The results seem to be the same (at least on the first page). And almost all results on the first page are questions about this series. (And the rest are posts which contain the series.)
question Will the result be the same if I write in raw query different TeX-versions of the same expression? For example, $\sum_{k=1}^\infty \frac k{2^k}$, $\sum_{k=1}^\infty \frac{k}{2^k}$ and $\sum^\infty_{k=1} \frac k{2^k}$.
At least if I test this for these three expressions, the results (on the first page) seem to be the same. I have troed the first and the second above. Here is link to the third one.
8:55 AM
Oh and still about the above searches. We can only guess what Ross Millikan searched for (since he did not link to the query). But if I enter $\sum k/2^k$ through the raw query, I find no questions about this series.
This one is at least close: How to apply the alternating series test to the series $\sum (-1)^{n+1} n/2^n$?
And with some stretch of imagination, these two are at least related: How to prove $\sum n/3^n$ converges without ratio test? and Finding the Function of a Power Series: $\sum kx^{k+1}/3^k$.
2 hours later…
11:15 AM
@MartinSleziak Yes, the search result is expected to be the same using your examples. This is because Approach0 parses a TeX into "operator tree" in which changing the order of
subscript and super script or enclosed a TeX bracket (i.e. "{}") does not affect the "operator tree" structure. So many times when I say "structurally relevant", I mean the operator tree representation of query is the same or subtree of the operator tree representation of another expression.
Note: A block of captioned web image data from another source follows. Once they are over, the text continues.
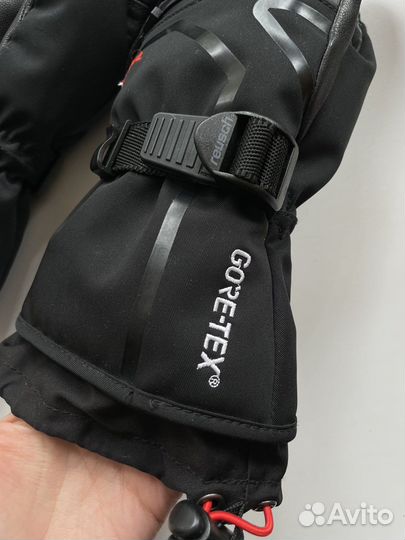 Перчатки Reusch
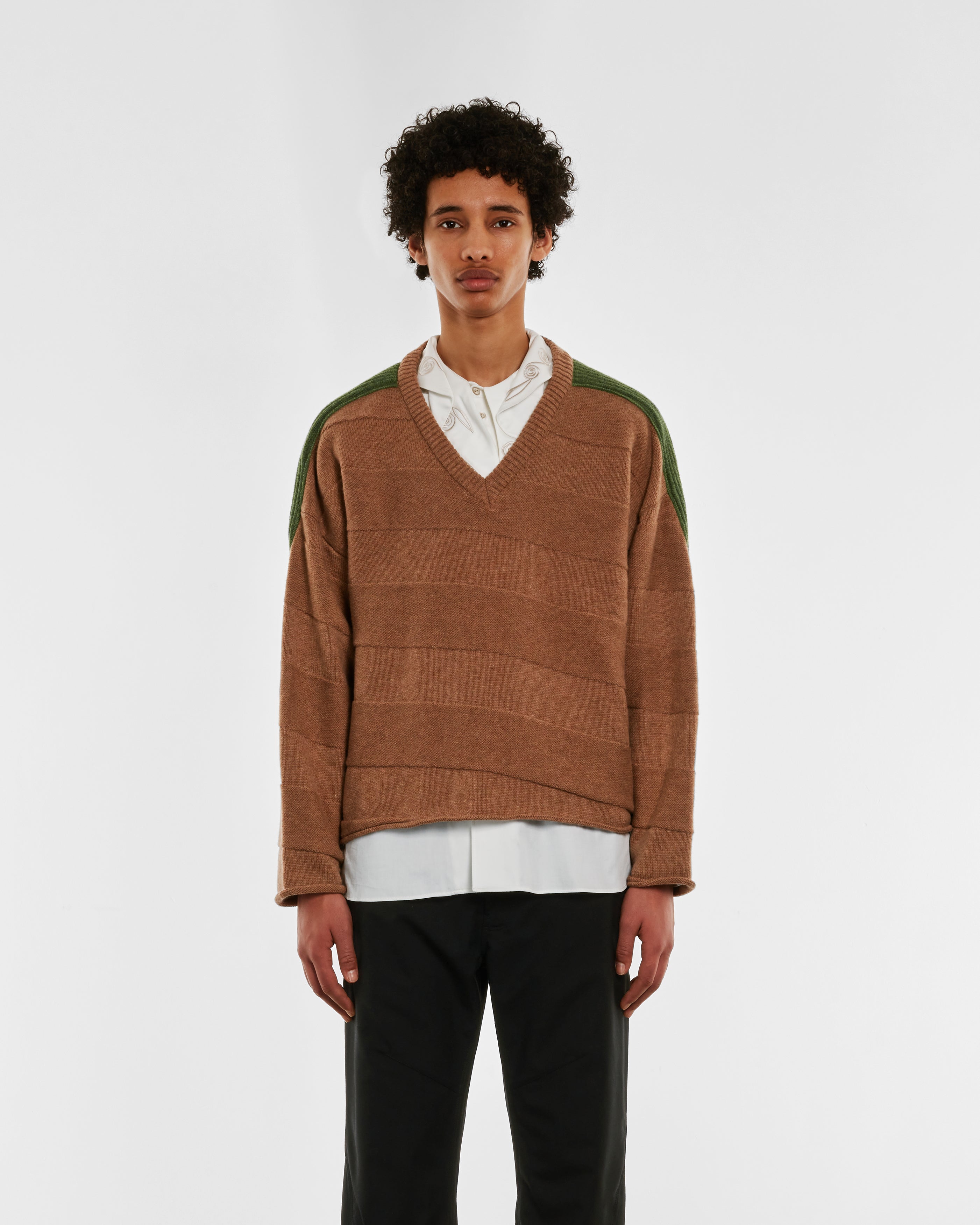 Kiko Kostadinov - Men's Delian V-Neck Jumper - (Almond)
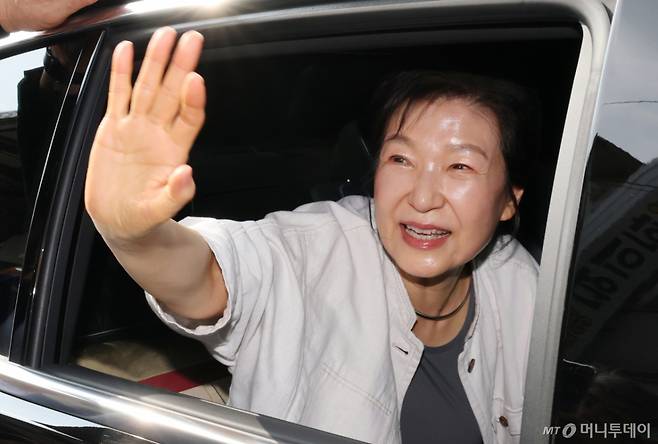 (공주=뉴스1) 김기태 기자 = 박근혜 전 대통령이  25일 오후 충남 공주 산성시장을 방문해 시민들과 인사한 뒤 차량에 탑승해 손인사 하고 있다. 2026.5.25/뉴스1  Copyright (C) 뉴스1. All rights reserved. 무단 전재 및 재배포,  AI학습 이용 금지. /사진=(공주=뉴스1) 김기태 기자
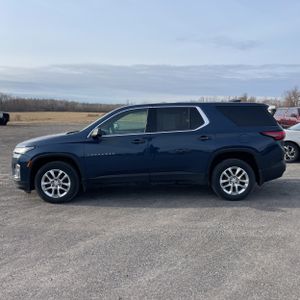 CHEVROLET TRAVERSE LS - 3
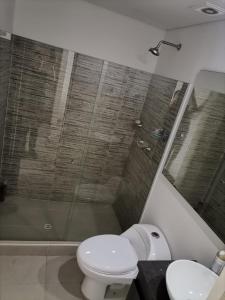 La salle de bains est pourvue d'une douche et de toilettes. dans l'établissement Apto nuevo de 67m2, con todas las comodidades, à Bogotá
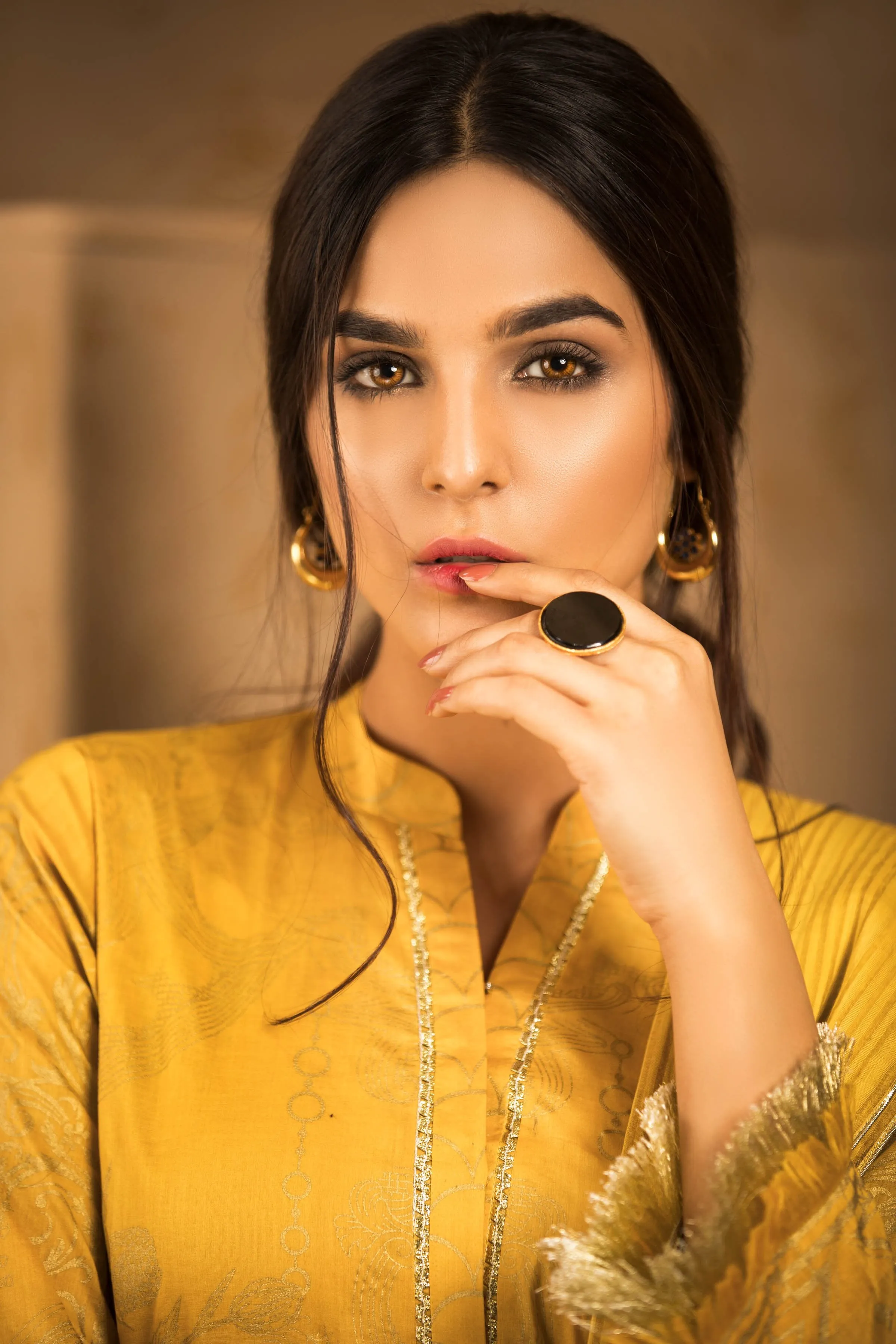 Sapphire Naqsh Dar Lawn Eid Collection Vol-V – Baroque Rain A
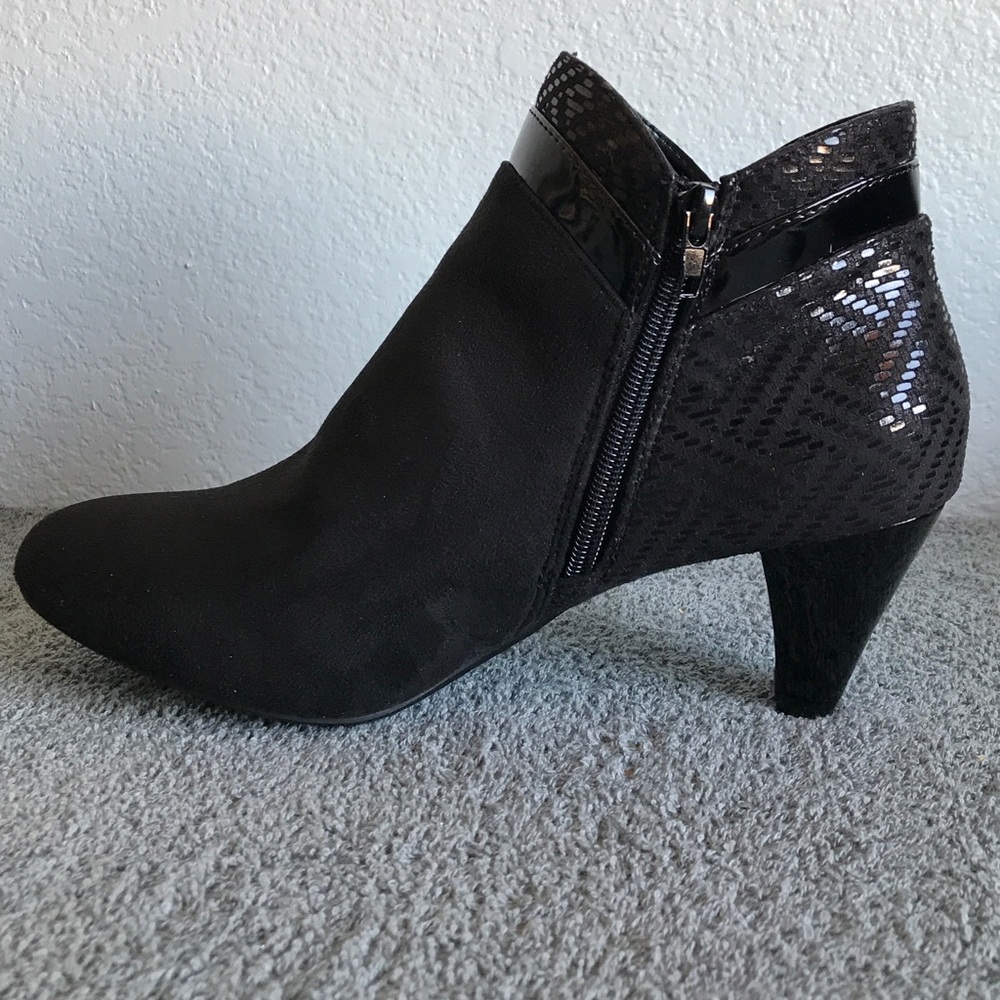 Karen Scott Cahleb Black Faux Suede Dress Booties - Picture 5 of 8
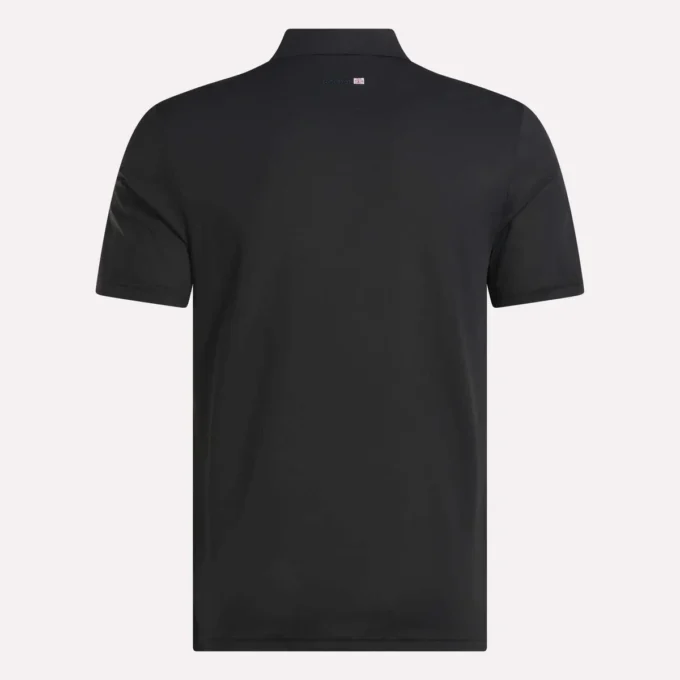 Polo con cuello adherido y bloques de color para hombre Polo con cuello adherido y bloques de color para hombre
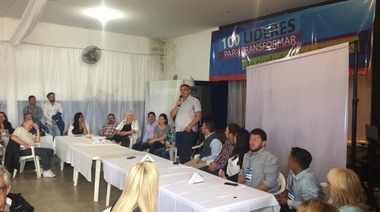 Encuentro de dirigentes peronistas en La Plata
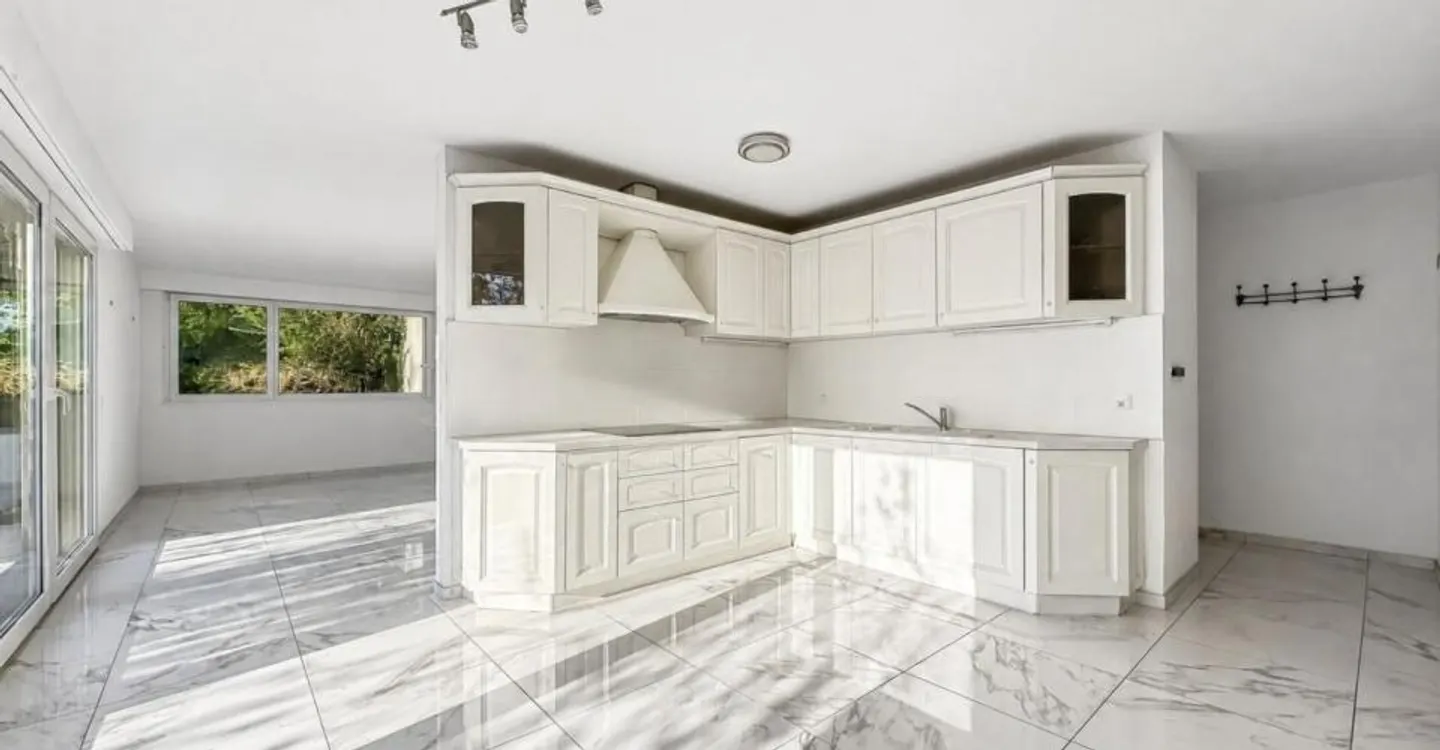 APPARTAMENTO DI 3,5 LOCALI DI 97 M2 CON TERRAZZA E 2 POSTI AUTO. - Foto 4 di 13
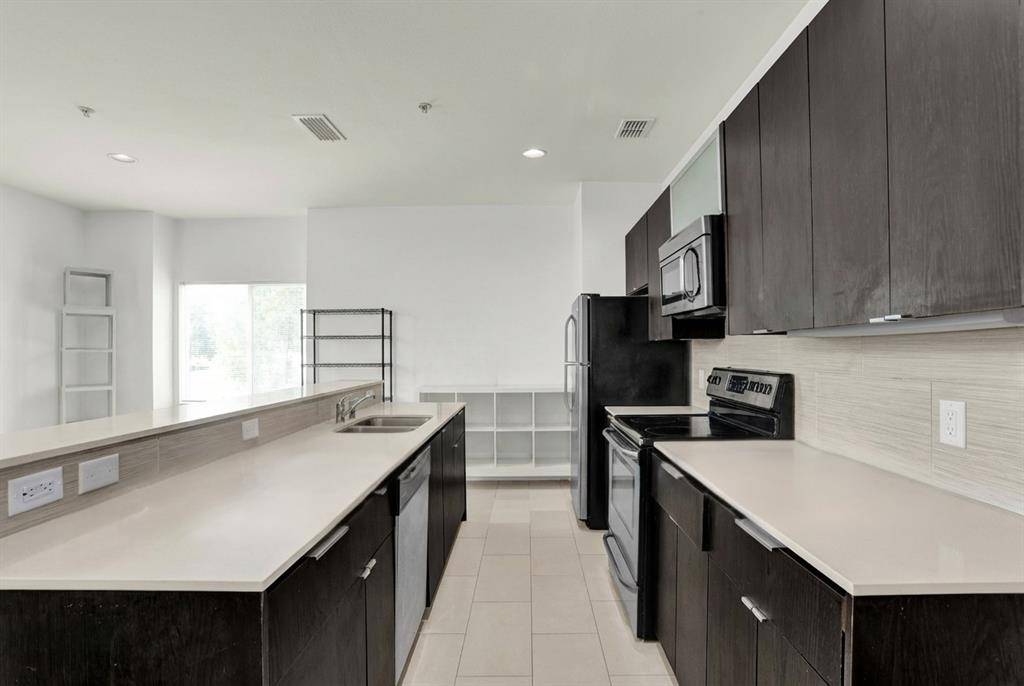 107 N Merrill Avenue, Duncanville, TX 75116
@MartinSleziak Try to use "$\sum{k/2^k}$" instead. Link: approach0.xyz/search/?q=%24%5Csum%7Bk%2F2%5Ek%7D%24&p=1
For the queries for the inequalities (approach0.xyz/search/… and approach0.xyz/search/… ) the results seem to be different. But from the highlighted parts, it seems that both queries match both directions of the inequalities.
11:27 AM
Just to add links, so that other users can test for themselves, if I enter $\sum k/2^k$ and if I enter $\frac{\sum k}{2^k}$ (in the raw query field), the results are exactly the same.
And again, to have them side by side (easier to compare) here is your link with $\sum{k/2^k}$ and the link to search for $\sum{k/2^k}$. They return the same results.
2 hours later…
1:37 PM
@MartinSleziak On symmetry of "equalities and inequalities" (I call it relation token), yes they suppose to get the same results (as long as the relation token is still defined as commutative operator), because their subpath sets (reference) are the same.
@MartinSleziak As for why the two inequalities results are different, I have checked their result scores. (You can also check it by inspecting HTML hidden element near each <li> element, i.e. each search result) Those results in different ranking are actually the same scores.
2:39 PM
2:58 PM
Exactly, if you go to look at the second ranked result (since starting from that point, they are different), their score are both 3.806.
I am investigating right now, from what I can tell, it is one single document (math.stackexchange.com/questions/1319137) that makes the difference. "\frac{a+b}2 \ge \sqrt{ab}" can find it, but "\sqrt{ab} \le \frac{a+b}2" cannot find it. Other than this document, the hit order and score of other documents during search process occurs exact the same. Very interesting, it reminds me the butterfly effect.
To be specific, the TeX "y' = \frac{t+c}{2} = \sqrt{|y|} = \sqrt{y}" in that thread is searchable by \ge query but not by \le query. I assume this is a bug.
Because search engine is using minheap as the result set data structure (it is computer science topics, anyway, not intend to dive into technical details) to hold results during search process, a little difference in the order of pushing results into minheap can make a big difference in terms of overall ranking.
2 hours later…
4:50 PM
I think I know where is the problem. It is actually an expected behavior, but because of some coincidence, we go into a very rare case. Hard to explain in a few words.
But in general, it is because approach0 sacrifices some degree of strictness for search efficiency, and in this case, neither of the two query should match $\frac{t+c}{2} = \sqrt{y}$, but because approach0 uses a simple rule (number of subpaths) to efficiently eliminate impossible matches, one query passes through this filter in this rare case, and become a match.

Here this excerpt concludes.